Okay, so I am fully prepared to date myself with this post. Anytime you can talk about a player who was a big part of your college years and that was in the mid-90’s, you are pretty much telling everyone how old you are.
But in this case, I am more than happy to date myself and more than happy to talk about Nomar Garciaparra. Garciaparra retired yesterday as a member of the Boston Red Sox.
While I believe in my heart of hearts the Red Sox would have never won the World Series in 2004 with Garciaparra on the team, I don’t want to talk about that today. I have heard stories about what went on behind the scenes towards the end with Nomar—he was a “Debbie Downer,” moody, he was always hurt, not considered a winner, etc…
That stuff is for another day. Today is about the Nomar I knew when he was king of Boston.
When I began my college career in Massachusetts in 1995, the Red Sox had a bunch of good players on their roster, but superstars were few and far between. Sure they had Roger Clemens, but he was supposedly at the end of their career and Mo Vaughn was a star, but never a superstar.
Then in 1996, the Red Sox called up Garciaparra and while he didn’t get off to the best start in September (.241 in 24 games), you just knew Boston had something special on their hands. In 2007, Nomar showed everyone how special he was and officially arrived in Bean Town.
Nomar led the American League in hits (209), triples (11), and won the Rookie of the Year award.

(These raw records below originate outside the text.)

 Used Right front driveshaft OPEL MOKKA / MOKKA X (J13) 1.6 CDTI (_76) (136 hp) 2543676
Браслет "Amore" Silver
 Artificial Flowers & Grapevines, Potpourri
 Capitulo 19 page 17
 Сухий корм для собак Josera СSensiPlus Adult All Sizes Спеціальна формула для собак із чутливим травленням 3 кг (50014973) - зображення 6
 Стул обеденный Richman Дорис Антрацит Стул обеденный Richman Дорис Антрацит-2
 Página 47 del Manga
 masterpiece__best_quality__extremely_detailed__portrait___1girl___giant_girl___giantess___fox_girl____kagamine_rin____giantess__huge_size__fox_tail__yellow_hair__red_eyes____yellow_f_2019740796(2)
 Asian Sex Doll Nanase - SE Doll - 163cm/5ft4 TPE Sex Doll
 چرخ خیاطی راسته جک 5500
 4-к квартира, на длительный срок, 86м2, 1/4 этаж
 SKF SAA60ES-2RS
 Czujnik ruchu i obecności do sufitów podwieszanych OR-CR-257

From 1996-2000, Garciaparra averaged .337/28/105 and 198 hits a season. He was a right-handed hitting machine. He could pepper the Green Monster, but in the same game drive three balls into the right centerfield gap.

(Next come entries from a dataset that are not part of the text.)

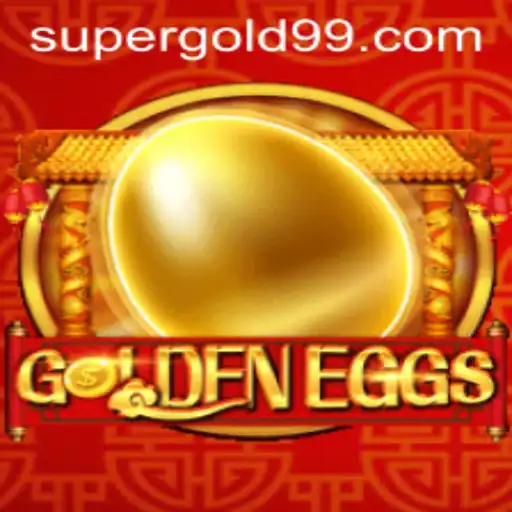 Descubra o Mundo de GoldenEggs: O Novo Jogo que Está Chamando Atenção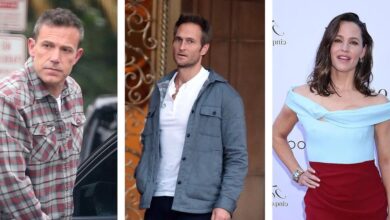 Ben Affleck's 'sad' reaction to Jennifer Garner's wedding revealed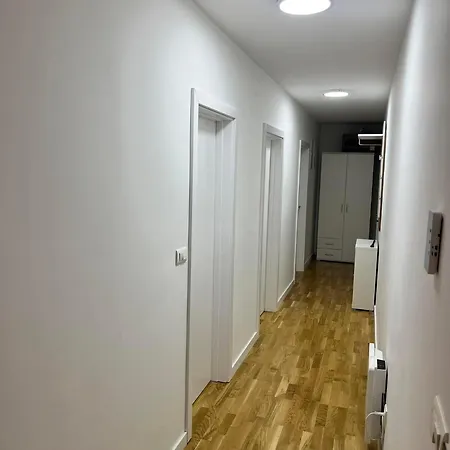 Apartment Apartman Lamija Bjelasnica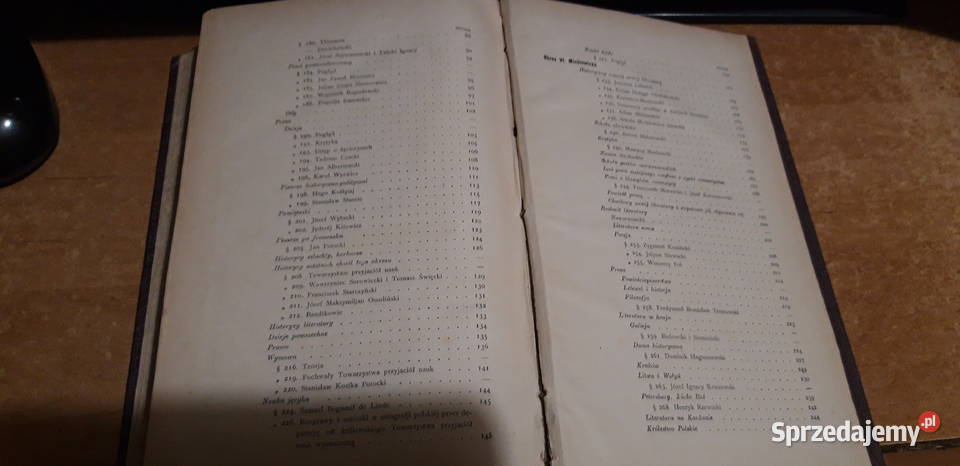 HISTORJA LITERATURY POLSKIEJT1 2JBARTOSZEWICZ wielkopolskie Iwno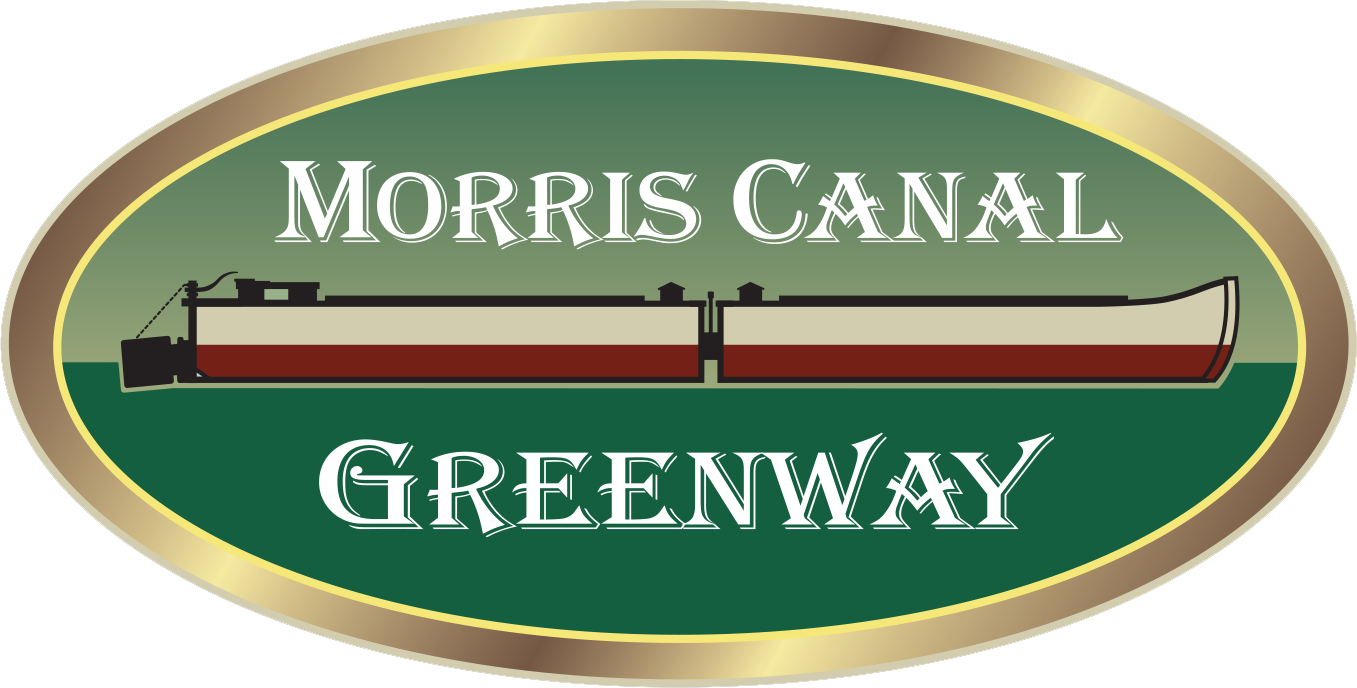 Image result for morris canal working group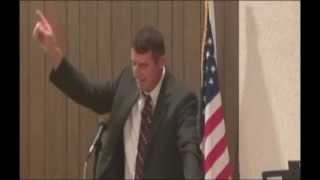 That Your Joy May Be Full 30-June-2013 Pastor Reg Kelly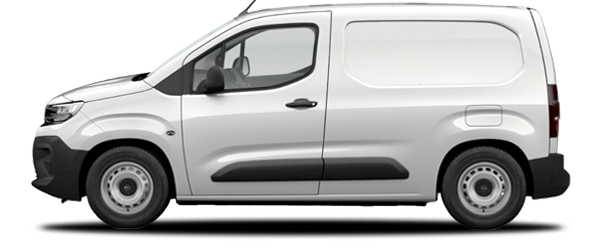 Opel Combo Cargo Kaolin Beyaz Opel Combo Cargo Kaolin Beyaz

While he wasn’t the most popular with the media, he was extremely popular with the fans. He was the “It” guy. He was the superstar shortstop for the Red Sox.
We loved everything about him. We loved his swing, his sling-shot throwing style from short, and even his big nose. My roommate Odie referred to a kid as “Nomar nose” outside of a bar one night. The kid wanted to fight him, so Odie picked him up and tossed him like a sack of potatoes into a mailbox.
As he was sitting on the floor, my other friend Will had one of the classic lines ever. He walked up to the kid and said “You know, your mother wouldn’t be proud of you right now.” To this day I still laugh thinking about that night.
I am really happy Garciaparra retired as a member of the Boston Red Sox. While he did go on to play for the Chicago Cubs, Los Angeles Dodgers, and Oakland A’s, he will always be remembered as a member of Red Sox Nation.